In questo ultimo decennio (1949-1959) le molteplici attività del Consiglio Ecumenico sono state dominate dai punti seguenti: 1) Sul piano dottrinale si è cercato di fissare il pensiero comune delle Chiese partecipanti al Consiglio sulla Chiesa e la sua unità sulla base dell'articolo fondamentale di W. A. Visser't Hooft, Various meanings of unity and the unity which the World Council of Churchs seeks to promove (Ecumenical Review, ott. 1955,18-29). 2. Dal punto di vista unionista: moltiplicare i contatti tra le Chiese e particolarmente con i cattolici romani (corsi sul cattolicesimo romano all'Institut oecuménique di Bossey-Genève, contatti personali dei dirigenti del Consiglio Ecumenico con personalità ecclesiastiche). 3. Dal punto di vista interno: stabilire le relazioni tra il Consiglio ecumenico e il Consiglio internazionale delle Missioni, nel tentativo d'integrarlo nel Consiglio ecumenico; si può dire che questo è stato il problema organizzativo cruciale dell'ultimo decennio. 4. Per il futuro: preparare la terza Assemblea generale del Consiglio ecumenico delle Chiese, che per ora è stata fissata alla fine del 1961, a Nuova-Delhi, nel cuore dell'Asia.

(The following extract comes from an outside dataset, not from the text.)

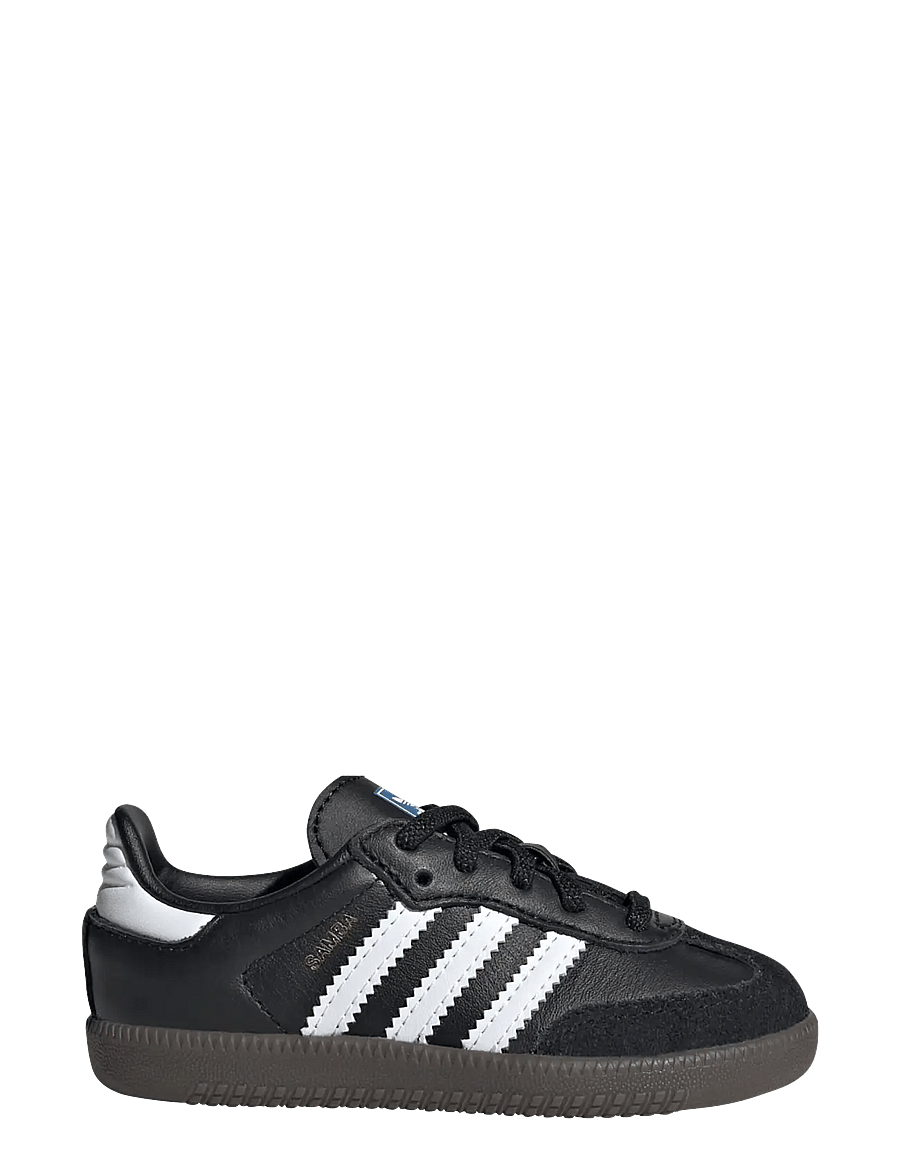 adidas Originals - SAMBA OG EL I - niedriger schnitt - cblack/ftwwht/gum5 - 1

Tema centrale sarà: "Il Cristo Luce del Mondo"; già tutte le Chiese partecipano attivamente alla sua preparazione. 5. Segnaliamo pure, in margine al Consiglio Ecumenico, l'esistenza della Chiesa unita dell'India del Sud, fatto ecclesiastico paradossale, di cui è difficile approvare la posizione dogmatica, ma il cui valore simbolico non può sfuggire. 6. Per quanto concerne i rapporti tra le Chiese, il Consiglio ecumenico si sforza quanto più è possibile di rendere più stretti i contatti con le Chiese ortodosse, greche e russe. È noto che gli Ortodossi, nonostante il loro profondo attaccamento alla causa dell'unità, si sentono spesso a disagio nelle assemblee dottrinali ecumeniche. I dirigenti del Consiglio ecumenico se ne rendono conto e moltiplicano i mezzi per evitare la rottura: visita al Patriarca di Mosca, presenza ortodossa a Ginevra e a Bossey, riunione a Rodi. 7. Si aggiunga che l'annuncio del Concilio ecumenico da parte di Giovanni XXIII ha destato in loro interesse e attenzione: tutto ciò che concerne il concilio è seguito con un prudente riserbo e sincera benevolenza.
La Chiesa Cattolica ha ritenuto di non poter partecipare al Consiglio ecumenico per ragioni pastorali e per ragioni d'ordine dogmatico. Ha proibito ai cattolici di partecipare, salvo autorizzazione, alle Assemblee del Consiglio ecumenico. Ha tuttavia dato una serie di consigli positivi nell'istruzione Ecclesia catholica del 1949, che dice in particolare che "i vescovi devono dare una sollecita particolare attenzione" ai problemi dell'unione dei cristiani, "devono conoscere questo movimento, promuoverlo, dirigerlo con prudenza". Nel fatto, nei cosiddetti paesi "misti" hanno luogo numerosi contatti, fecondi di risultati.
Bibl.: R. Rouse e St. Ch. Neill, A history of the ecumenical movement: 1517-1948, Londra 1954 (opera fondamentale, scritta dai dirigenti del movimento; grande ricchezza di notizie e di bibliografia); G. Thils, Histoire doctrinale du mouvement oecuménique, Lovanio 1955 (le dottrine teologiche del movimento e la teologia cattolica); Th. Sartory OSB, Die ökumenische Bewegung und die Einheit der Kirche, Meitigen 1955 (problemi teologici dell'unionismo, particolarmente in Germania); C. Boyer, Unità cristiana e movimento ecumenico, Roma 1955; A. Piolanti, Il Protestantesimo ieri e oggi, Roma 1958.